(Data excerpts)
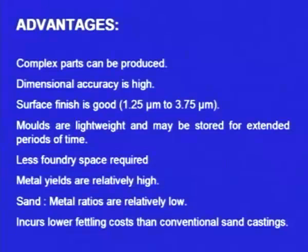The advantages of shell moulding: first, complex parts can be produced. Second, dimensional accuracy is very high. In the case of sand moulding, dimensional accuracy is very poor because the surface of the cavity is rough. That is why we give a machining allowance to the pattern, so the casting is larger than the actual size and then we machine it. In green sand casting, the dimensional accuracy is poor and we have to struggle to get the correct dimension. But in shell moulding, the dimensional accuracy is high.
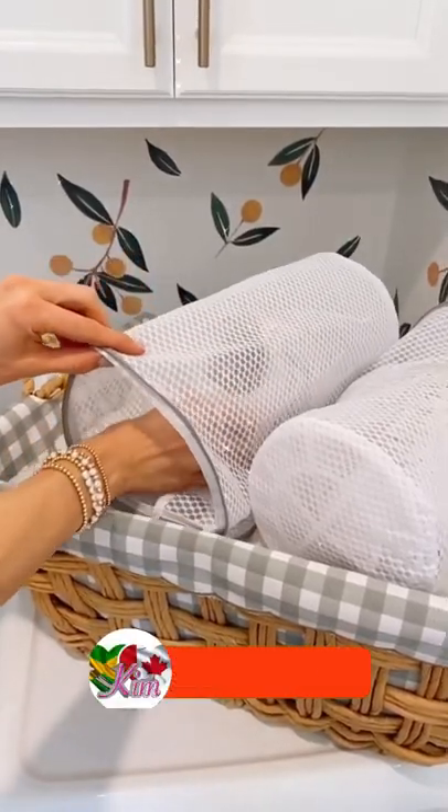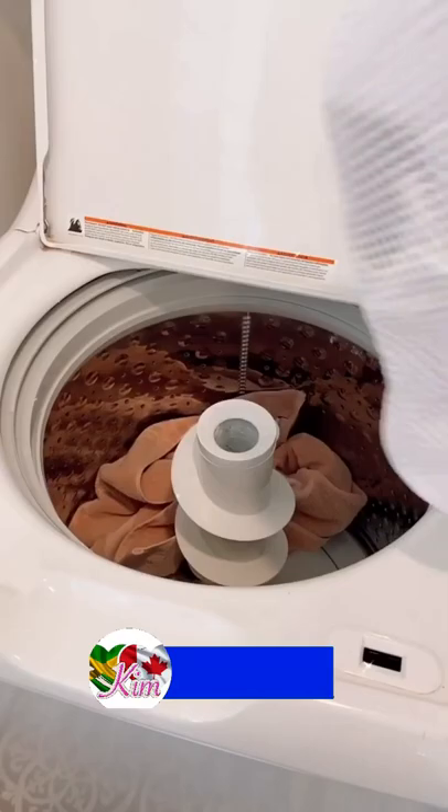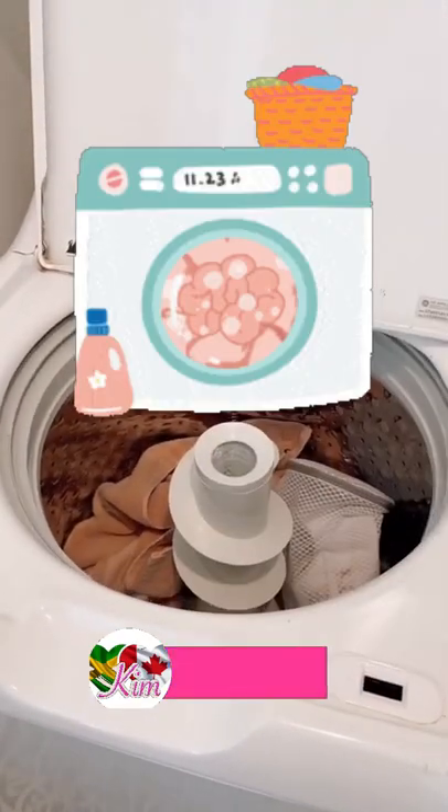Protect your shoes or slippers in the wash with these reusable cleaning bags. These bags can also be used to separate your shoes from clothes when traveling.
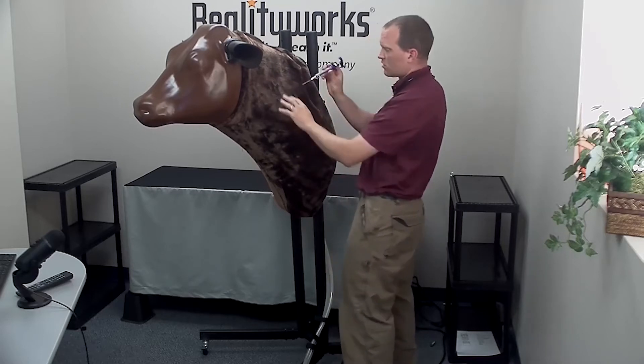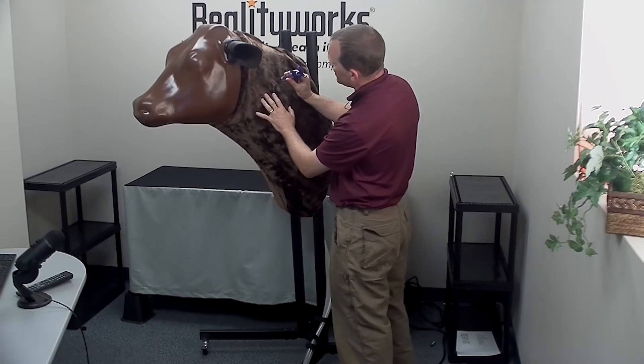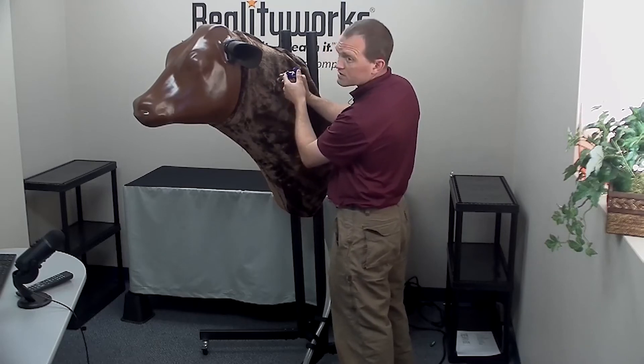For intramuscular, you will go straight in and then dispense the product.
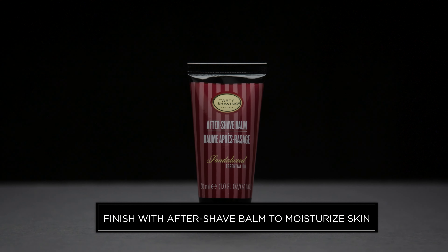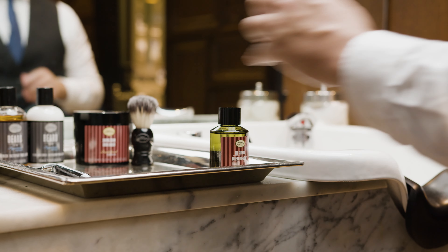Now it's time to end the perfect shave with Art of Shaving's Aftershave Balm, designed to moisturize and soothe dry skin. First, I rinse my face with cold water before applying the balm to my face and neck.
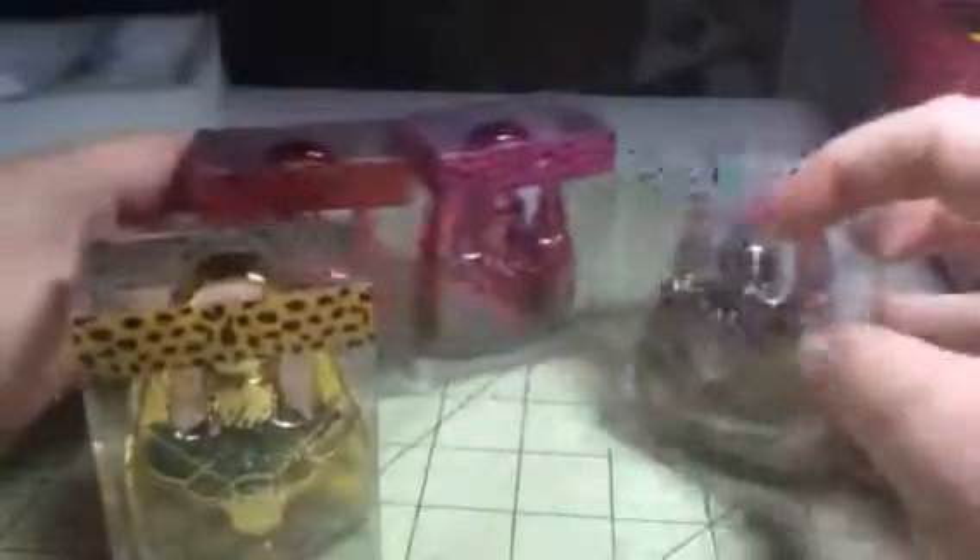They smell really good and they come in these cute little gift boxes. So if you needed to, you could give this as a gift, which is actually what I'm doing with it.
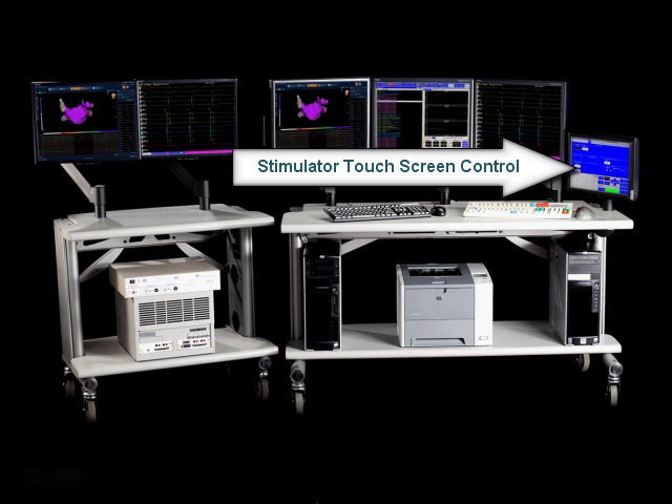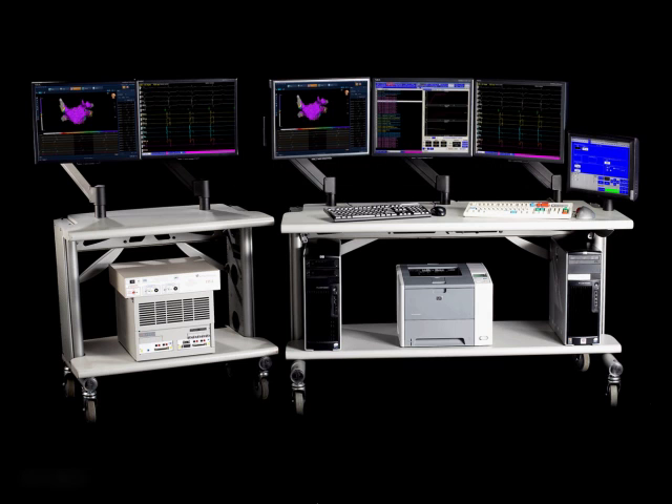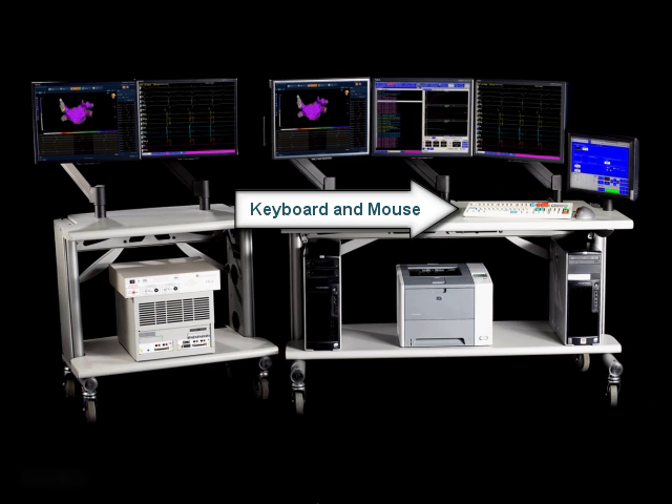The integrated stimulator allows for pacing during the EP study, and the touch screen control allows the user to control the stimulator during the study. The keyboard and mouse are the human interface devices that allow the user to input data into the EP Workmate Recording System.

■ **Aim of the task**
Return the data word for word without its pictures.

■ **Exercise solution**
The advantages of shell moulding: first, complex parts can be produced. Second, dimensional accuracy is very high. In the case of sand moulding, dimensional accuracy is very poor because the surface of the cavity is rough. That is why we give a machining allowance to the pattern, so the casting is larger than the actual size and then we machine it. In green sand casting, the dimensional accuracy is poor and we have to struggle to get the correct dimension. But in shell moulding, the dimensional accuracy is high.
Protect your shoes or slippers in the wash with these reusable cleaning bags. These bags can also be used to separate your shoes from clothes when traveling.
For intramuscular, you will go straight in and then dispense the product.
Now it's time to end the perfect shave with Art of Shaving's Aftershave Balm, designed to moisturize and soothe dry skin. First, I rinse my face with cold water before applying the balm to my face and neck.
They smell really good and they come in these cute little gift boxes. So if you needed to, you could give this as a gift, which is actually what I'm doing with it.
The integrated stimulator allows for pacing during the EP study, and the touch screen control allows the user to control the stimulator during the study. The keyboard and mouse are the human interface devices that allow the user to input data into the EP Workmate Recording System.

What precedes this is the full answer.